Еще и не успев удивиться чудесам, готовым открыться ему, Левшин вспоминает, что ведь обращается он к созданию умов непросвещенных. На них надлежит смотреть с высоты, на которую поднимает человека образование, учительским пером исправляя ошибки наивной фантазии и «научно» объясняя чудеса.
Прочитаем начало одной из сказок в записи Левшина: «Громобой следовал вместе с невольником. Вдруг преужасная пламенная река пролилась впереди. Сверкание пламени было ужасно, казалось, что растопленная медь готова сжечь каждого приближающегося. «Вам должно перейти сию реку, — сказал невольник, остановись. — Но здесь уже мужество не поможет, разве если бы вы были не человек, а вещество несгораемое. Не лучше ли возвратиться...»
Громобоя не останавливают трусливые предупреждения. Вступив на пылающую поверхность, он видит, что: «То, что казалось издали огненной рекой, было рядом выпуклых зеркал, поставленных на дрожащих пружинах так противу солнца, что отвращенные огненные лучи ударялись прямо в глаза приближающегося...»
Забудем об архаичности слога, она от безжизненности содержания. Левшину представляется, что «пламенные реки» пристойны лишь в устах человека темного, а долг носителя просвещения объяснить чудеса. Так огненная река превращается во взятые из театрального реквизита ряды зеркал, «отвращающие лучи солнца».
И сказка умирает.
Ведь прелесть сказки совсем не в том, что чудесам ее можно при большем старании подобрать «научное» разъяснение, а в том, что и действительно тайна наполняет жизнь человеческой души, человеческих чувств. Есть чудо в том, что ничем не примечательный человек, полюбив, покажется — да и станет — красивым, как в сказке Аксакова «Аленький цветочек».
И в том, что, поняв природу, начинаешь слышать голоса ее.
Сказка повествует о жизни чувств. Нежность, доверие и удивление должны наполнять того, кто пытается проникнуть во внутренний мир человека, иначе как бы не случиться непоправимой ошибке.
Вот ведь Энгельгардт не так взглянул на мальчика Пушкина и «увидел» его душу пустой.
А Левшин взглянул не так на сказку, и вместо волшебных огненных рек, которые можно преодолеть лишь силой подвига, перед ним возникли ряды пыльных зеркал — бутафория. Нет, сверху вниз в сказку не войдешь, как не проникнешь и в человеческую Душу.
Опыты Левшина и других породили у иных — и лучших — критиков убежденность, что к народному творчеству нельзя прикасаться, преступно хоть что-либо менять в нем.
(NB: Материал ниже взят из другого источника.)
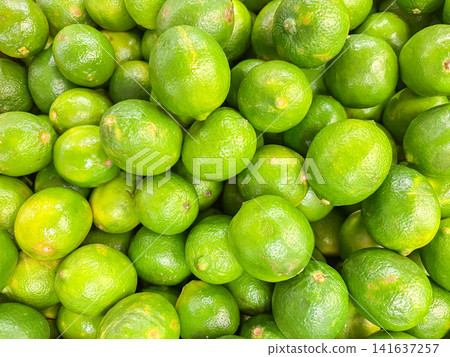 A full frame of fresh green limes piled together at a market. A full frame of fresh green limes piled together at a market. 141637257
Но как быть, если перенесенная слово в слово с изустной речи на лист бумаги сказка напоминает чучело птицы в музее — те же краски, распростерты крылья, но птица не полетит.
Пушкин был первым, кто с гениальной прозорливостью понял, что судьба сказки в письменной литературе определяется прежде всего тем, как взглянуть на создателя ее. Что такое народ: исток всего прекрасного или чернь — темный, необразованный люд? Одно ли это и то же народ и чернь?
От ответа на этот вопрос зависела судьба не только сказки, но и всей литературы: будет ли она и дальше идти двумя раздельными руслами — низовым и верховым — или сольется в одно.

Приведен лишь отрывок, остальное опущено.